- [TASK DATA]
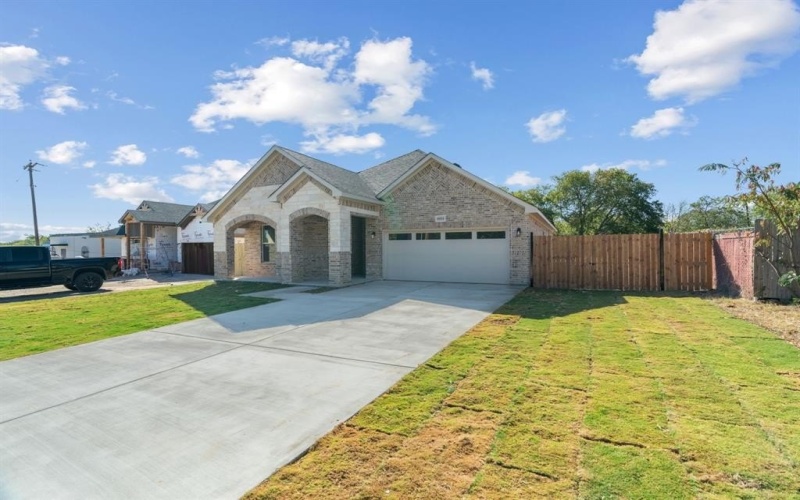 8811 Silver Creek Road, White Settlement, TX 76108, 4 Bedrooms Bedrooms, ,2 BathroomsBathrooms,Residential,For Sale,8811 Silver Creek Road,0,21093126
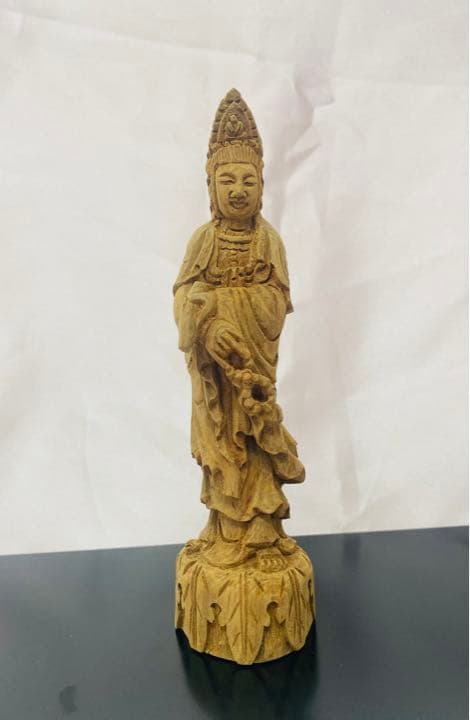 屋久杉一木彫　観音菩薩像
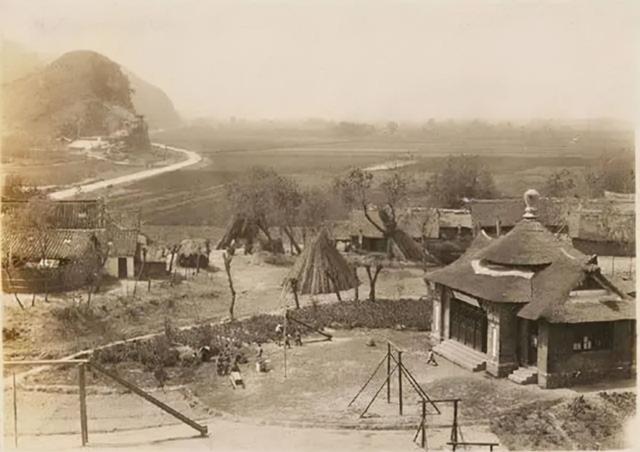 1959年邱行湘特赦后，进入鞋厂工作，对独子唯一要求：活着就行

==

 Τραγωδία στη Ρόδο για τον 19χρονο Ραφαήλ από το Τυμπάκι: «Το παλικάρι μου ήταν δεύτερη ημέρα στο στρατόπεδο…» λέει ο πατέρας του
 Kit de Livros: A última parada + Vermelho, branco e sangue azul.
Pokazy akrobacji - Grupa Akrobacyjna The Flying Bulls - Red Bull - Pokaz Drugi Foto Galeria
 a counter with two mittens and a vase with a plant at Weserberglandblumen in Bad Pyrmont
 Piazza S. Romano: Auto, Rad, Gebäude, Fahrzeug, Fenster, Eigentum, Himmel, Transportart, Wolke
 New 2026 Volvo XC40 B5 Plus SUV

- [ASSIGNED TASK] The material above holds pictures; leave them out. Repeat exactly the lines from the one containing "8811 Silver Creek Road, White" through the one containing "1959年邱行湘特赦后，进入鞋厂工作，对独子唯一要求：活着就行", and nothing else.

- [FINAL ANSWER]
 8811 Silver Creek Road, White Settlement, TX 76108, 4 Bedrooms Bedrooms, ,2 BathroomsBathrooms,Residential,For Sale,8811 Silver Creek Road,0,21093126
 屋久杉一木彫　観音菩薩像
 1959年邱行湘特赦后，进入鞋厂工作，对独子唯一要求：活着就行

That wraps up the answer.